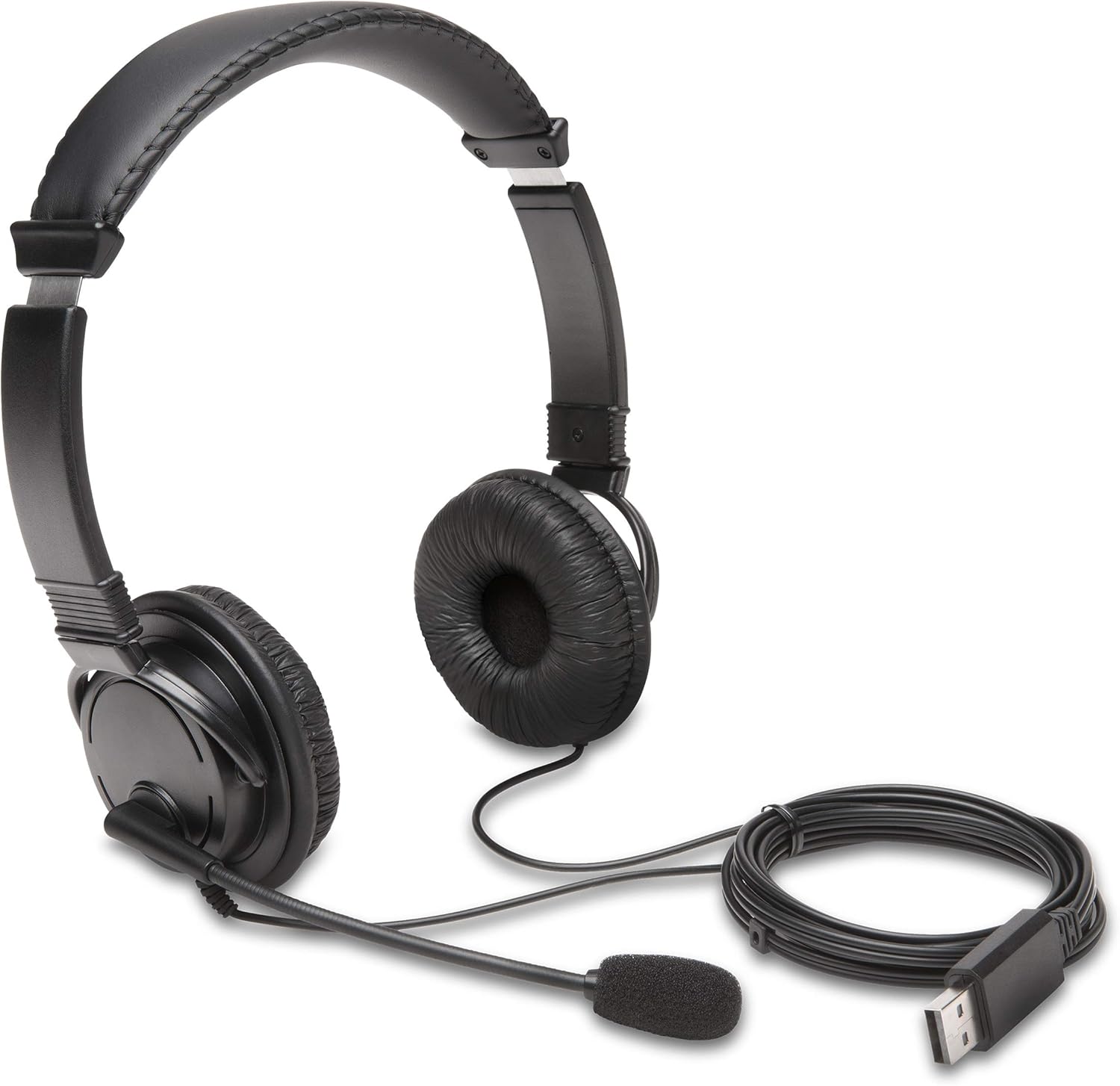 Kensington Micro-Casque K33065WW | PRIX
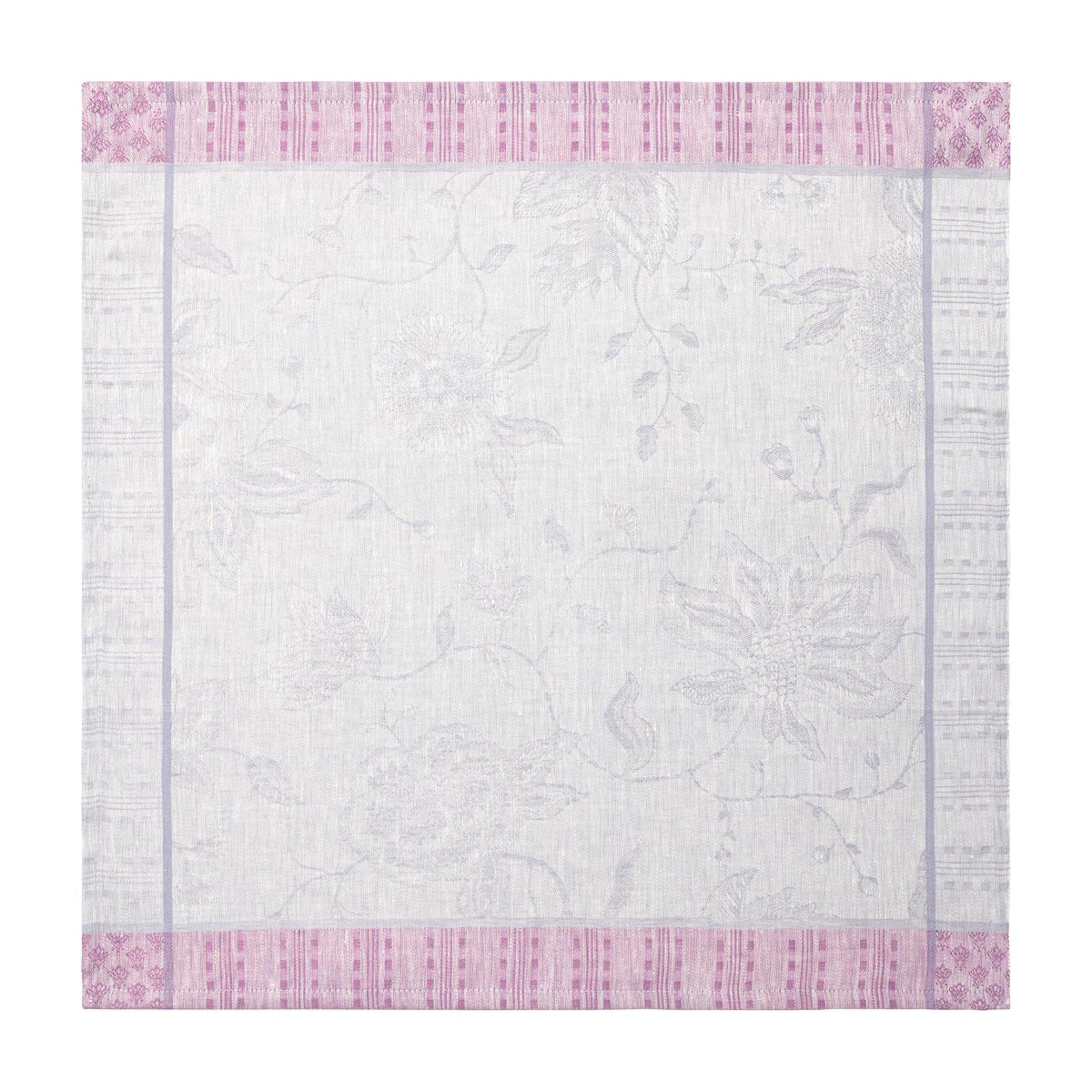 Été Indian - Linen Tablecloths, Placemats, Napkins & Runners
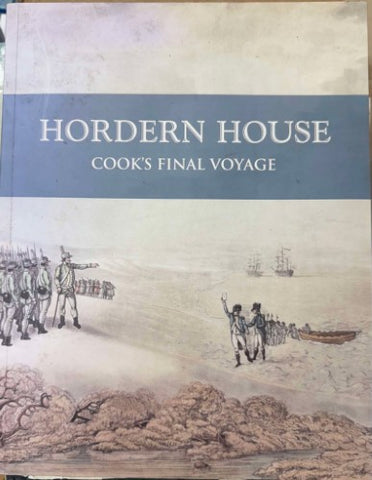 Hordern House : Cook's Final Voyage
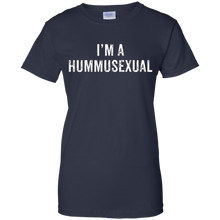 Hummusexual-Funny-T-shirt-Jewish-Israeli-Food-Kosher-Hummus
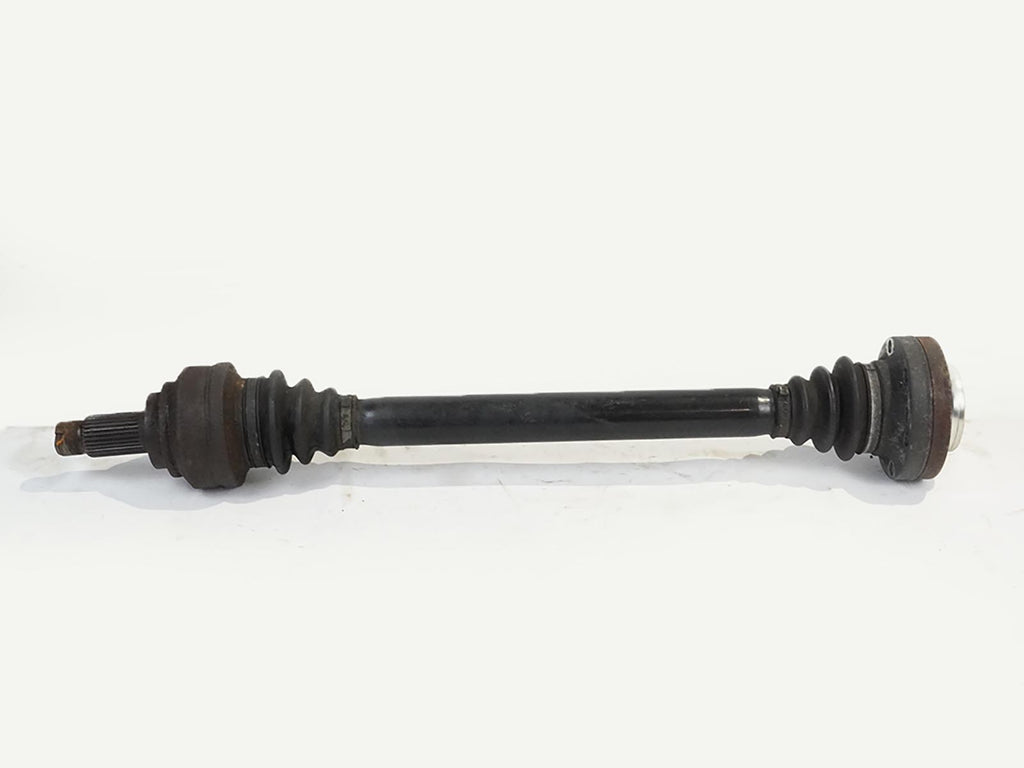  2008 - 2010 BMW 5 SERIES E61 E60 MT AXLE SHAFT CV REAR PASSENGER RIGHT RH OEM, cheap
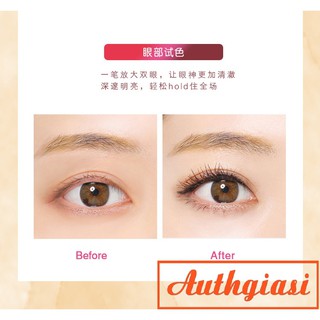 Kẻ mắt dạ Wodwod Perfect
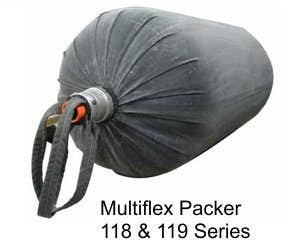 Multiflex Packer 118-119 Series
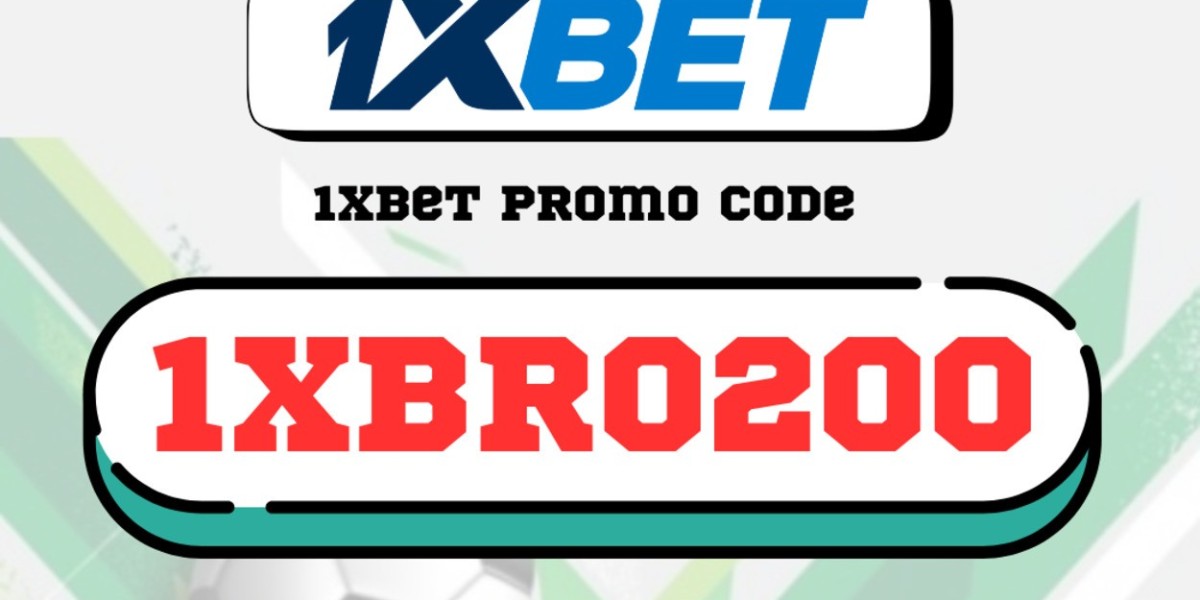 Today's 1XBET promo code (2026): TROFIM777 - €130/$130 free bet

##############################

• Action item
An exact reproduction of the data above is required, with every picture removed.

• Your response
 Kensington Micro-Casque K33065WW | PRIX
 Été Indian - Linen Tablecloths, Placemats, Napkins & Runners
 Hordern House : Cook's Final Voyage
 Hummusexual-Funny-T-shirt-Jewish-Israeli-Food-Kosher-Hummus
  2008 - 2010 BMW 5 SERIES E61 E60 MT AXLE SHAFT CV REAR PASSENGER RIGHT RH OEM, cheap
 Kẻ mắt dạ Wodwod Perfect
 Multiflex Packer 118-119 Series
 Today's 1XBET promo code (2026): TROFIM777 - €130/$130 free bet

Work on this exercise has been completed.